Seguro viveu fora dos holofotes durante mais de uma década, depois de anteriormente ter convivedo com titãs da política portuguesa e europeia. Antigo membro do Parlamento Europeu que passou a servir como braço direito do então primeiro-ministro – e agora secretário-geral das Nações Unidas – António Guterres, Seguro foi escolhido para chefiar o Partido Socialista após a queda de José Sócrates em desgraça no meio da crise financeira de 2011. Mas a sua carreira foi interrompida depois de ter perdido uma luta interna pelo poder pelo controlo do partido contra o promissor presidente da Câmara de Lisboa, António Costa, em 2014.
Costa se tornaria primeiro-ministro em 2015; mais tarde, pouco depois de renunciar ao cargo em 2023, tornou-se presidente do Conselho Europeu. Enquanto isso, Seguro retirou-se do cenário político até o ano passado, quando reapareceu para revelar uma campanha remota para a presidência. Apesar de concorrer como independente, na preparação para a primeira volta da votação consolidou-se como um candidato de consenso do centro-esquerda e obteve uma vitória surpreendente quando os eleitores se dirigiram às assembleias de voto no mês passado.
Depois de se ter tornado claro que Seguro enfrentaria Ventura na segunda volta, a sua candidatura recebeu o apoio inesperado dos conservadores interessados em impedir que o líder da extrema-direita acabasse como chefe de Estado do país.
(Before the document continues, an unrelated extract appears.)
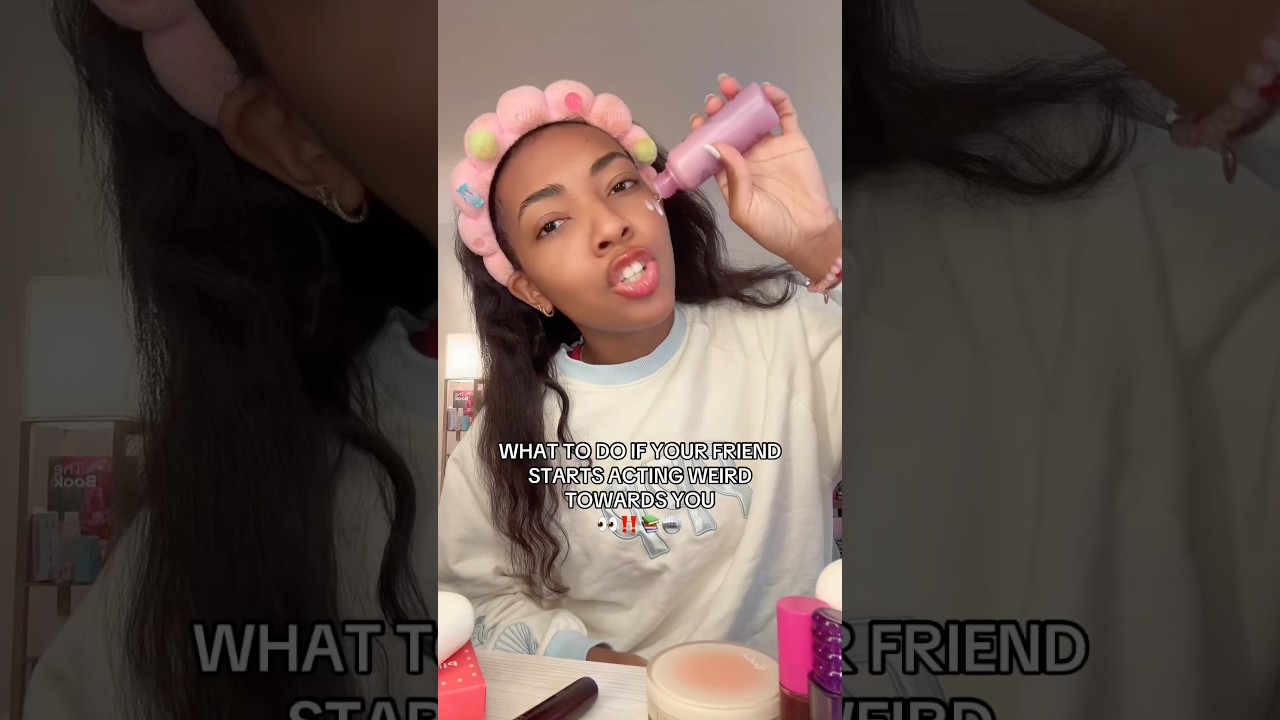 Why Is Your Friend Suddenly Acting Weird? 👀 #bigsisteradvice #grwm #freepreppyclip #backtoschool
Além de luminares centristas como o antigo Presidente e Primeiro-Ministro Aníbal Cavaco Silva e o antigo Comissário Europeu da Investigação e atual Presidente da Câmara de Lisboa Carlos Moedas, o candidato de centro-esquerda foi endossado por milhares de eleitores que assinaram um manifesto emitido por figuras públicas autodeclaradas “não socialistas”.
Seguro se descreve como alguém que “diáloga, une e aproxima as pessoas”. Prometeu também ser mais “discreto” do que o Presidente cessante Marcelo Rebelo de Sousa, um antigo professor de direito e comentador de televisão que foi ao mesmo tempo elogiado e criticado por ser omnipresente durante o seu mandato de uma década como chefe de Estado de Portugal.
Positivos para Ventura
Portugal é uma república semipresidencialista em que o presidente atua como chefe de estado do país e tem o poder de nomear o primeiro-ministro e dissolver o parlamento. O presidente também tem o direito de vetar leis, nomear alguns membros dos principais órgãos estatais e judiciais, conceder indultos e servir como comandante supremo das forças armadas do país.